Le contraste est saisissant. Dimanche soir, Barack Obama apparaît, l'air grave, sur tous les écrans des Etats-Unis pour délivrer une nouvelle tonitruante: Ben Laden a été tué au cours d'une opération militaire américaine. Dimanche matin, le chef d'Etat, dans une performance digne d'un stand up comique, faisait rire les journalistes au diner annuel des correspondants à Washington et tentait de tordre le cou aux mauvais sondages. Et pourtant, le président savait à ce moment là que ses hommes étaient partis en mission sur le sol pakistanais dans le but de capturer le terroriste le plus recherché du monde. Retour sur un coup minutieusement préparé.
Lors de son intervention dimanche soir, Barack Obama a révélé avoir été mis au courant par son équipe de renseignement en août dernier de la possibilité d'une piste menant à Ben Laden. "Il a fallu plusieurs mois pour remonter ce fil. J'ai rencontré mon équipe de sécurité nationale à de nombreuses reprises pour développer davantage de renseignements relatifs à une localisation de Ben Laden dans un complexe de bâtiments en plein coeur du Pakistan", a-t-il ajouté. "Et finalement, la semaine dernière, j'ai déterminé que nous avions suffisamment de renseignements pour agir, et ai autorisé une opération destinée à capturer Oussama Ben Laden et à le présenter devant la justice", a encore dit le président.
Le 29 avril, Obama donne son feu vert
Obama a donné son feu vert au commando vendredi 29 avril, tôt le matin. Ensuite, le président a continué sa vie de locataire de la Maison blanche: visite dans le sud des Etats-Unis pour voir les victimes des tornades dévastatrices, rédaction d'un communiqué pour souhaiter "toute une vie de bonheur" au Prince William et à Kate Middleton, annonce de nouvelles sanctions contre le frère de Bachar el Assad, ou encore voyage à Cap Canaveral en Floride pour assister au lancement d'une navette qui n'a finalement pas eu lieu.
Le dimanche, alors que les forces spéciales sont en train d'effectuer les derniers réglages de l'opération, Barack Obama se rend au diner annuel des correspondants étrangers aux Etats-Unis, une institution à Washington à laquelle de nombreuses stars participent. Là, le président fait le show. Mal en point depuis la défaite aux élections de mi-mandat, celui qui s'est déclaré candidat pour l'élection présidentielle de 2012 a réalisé un véritable pied de nez à tous les journalistes qui le suivent et à l'opinion.
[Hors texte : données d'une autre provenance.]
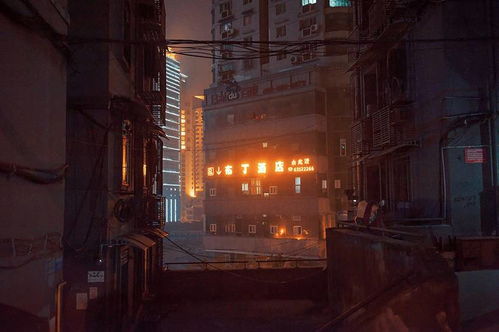 一、 夜色下的迷茫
Aux prises avec les rumeurs sur son lieu de naissance, alimenté par des républicains très conservateurs, dont Donald Trump, il met les pendules à l'heure.
Le pied de nez est total quand on sait, rétrospectivement, qu'Obama était à 24 heures de faire l'annonce la plus importante qu'un président américain ait pu faire en 15 ans. Et son service de presse a su faire monter la pression. Vers 22h00, heures locales, les journalistes ont été alertés d'une intervention présidentielle. Le directeur de la communication de la Maison blanche se refuse, surTwitter, de dire de quoi il est question, maintenant le suspense. Tout ce que les journalistes savent, c'est l'importance de l'événement. Après des fuites dix minutes avant son allocution et après avoir téléphoné à de nombreux chefs d'Etat, le président des Etats-Unis arrive dans un salon de l'aile est de sa résidence pour parler devant les caméras... Les observateurs s'accordent déjà à dire que ce succès de sa présidence pourrait lui garantir sa réélection.